**Problem statement:**
Below are records to give again exactly; omit each image they contain.

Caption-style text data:
········

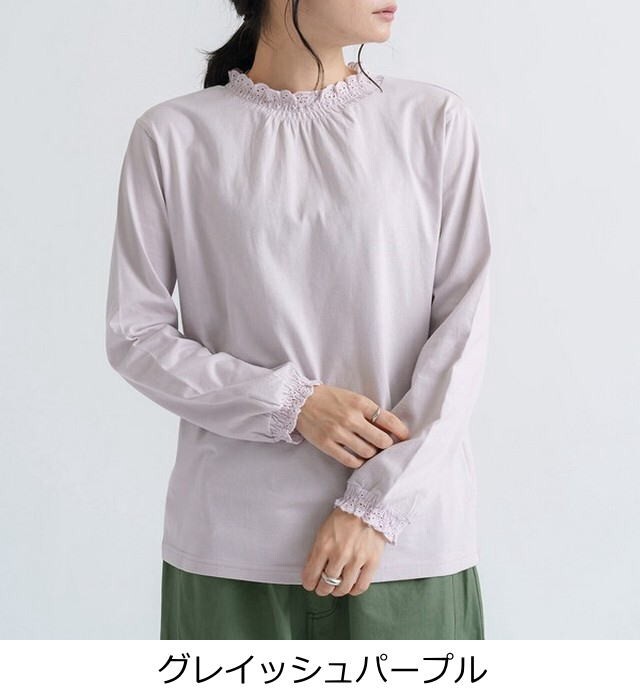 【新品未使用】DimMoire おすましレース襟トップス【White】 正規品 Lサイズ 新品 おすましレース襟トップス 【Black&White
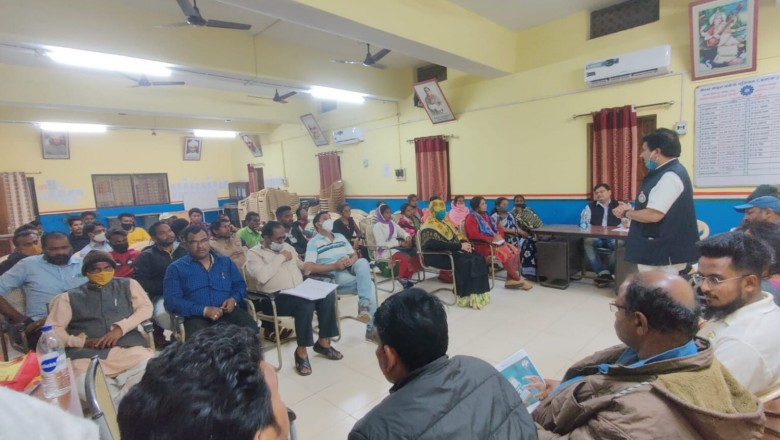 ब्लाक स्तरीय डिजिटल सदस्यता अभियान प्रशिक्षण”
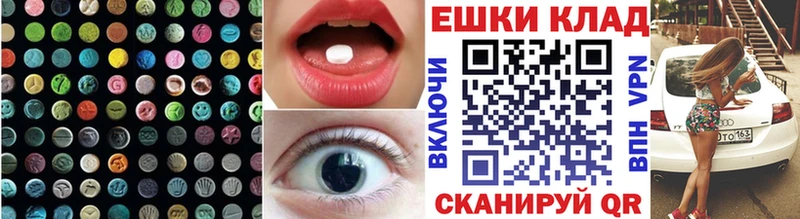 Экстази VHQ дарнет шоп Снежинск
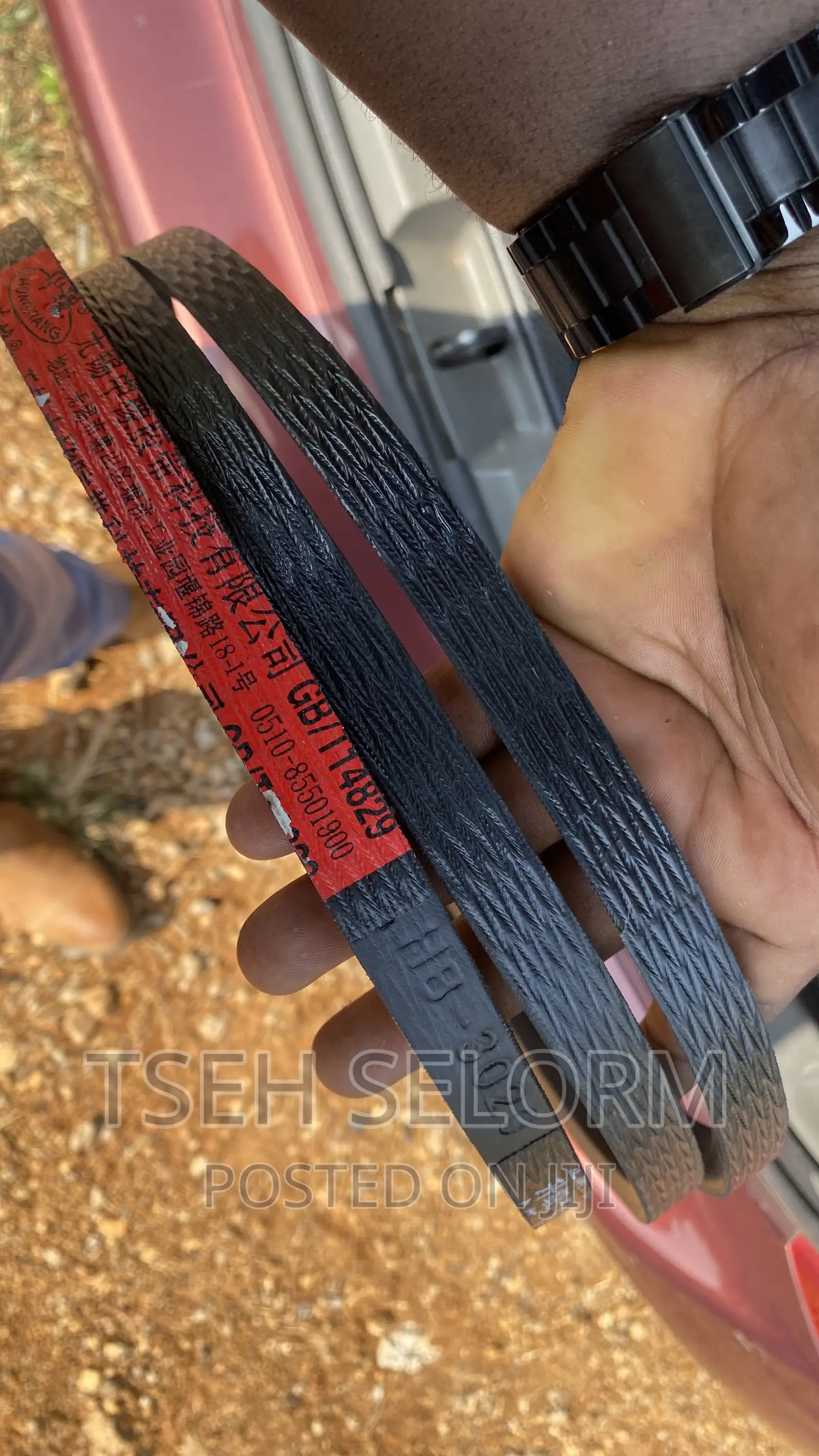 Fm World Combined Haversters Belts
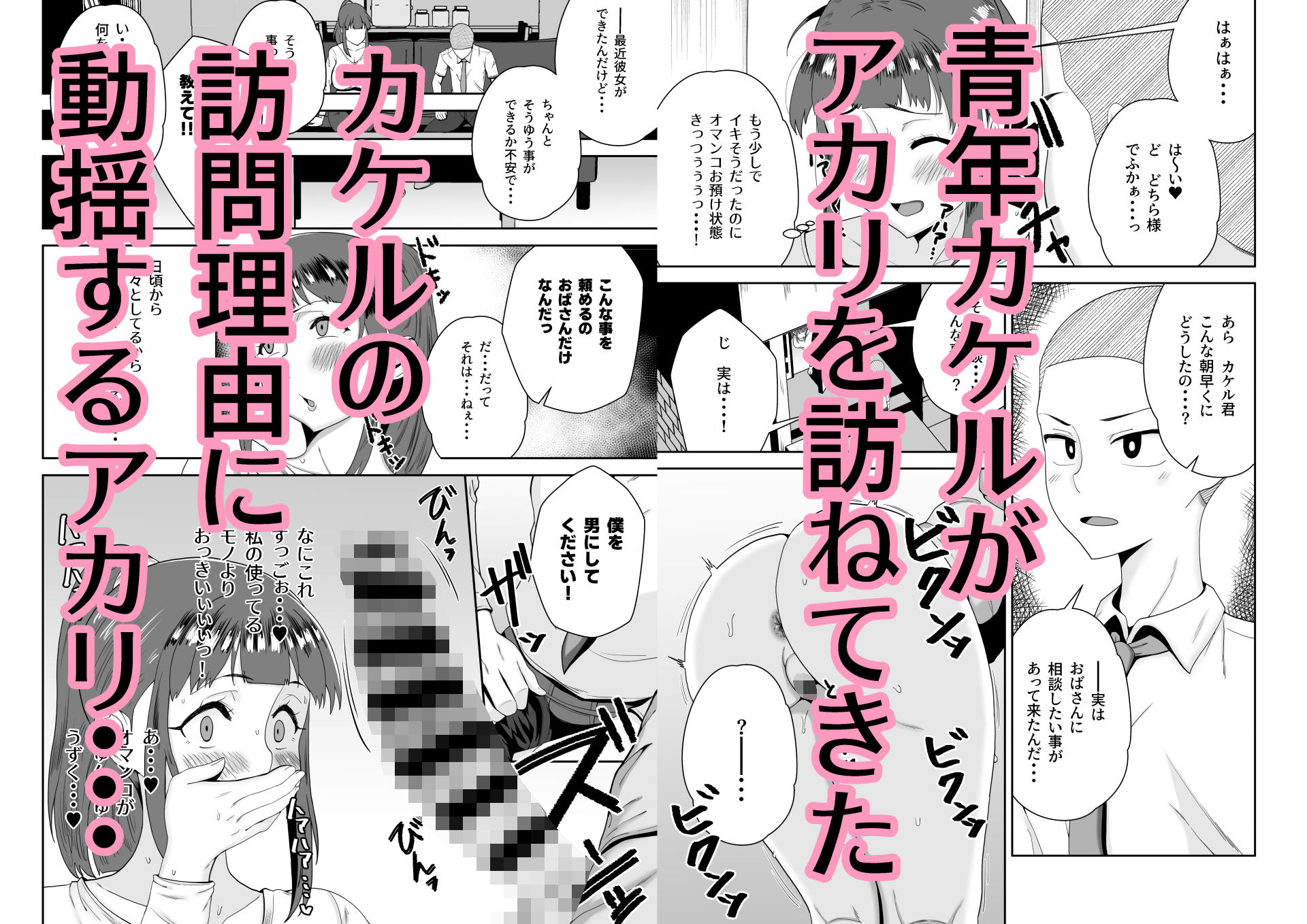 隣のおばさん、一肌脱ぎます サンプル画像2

········

**Response:**
 【新品未使用】DimMoire おすましレース襟トップス【White】 正規品 Lサイズ 新品 おすましレース襟トップス 【Black&White
 ब्लाक स्तरीय डिजिटल सदस्यता अभियान प्रशिक्षण”
 Экстази VHQ дарнет шоп Снежинск
 Fm World Combined Haversters Belts
 隣のおばさん、一肌脱ぎます サンプル画像2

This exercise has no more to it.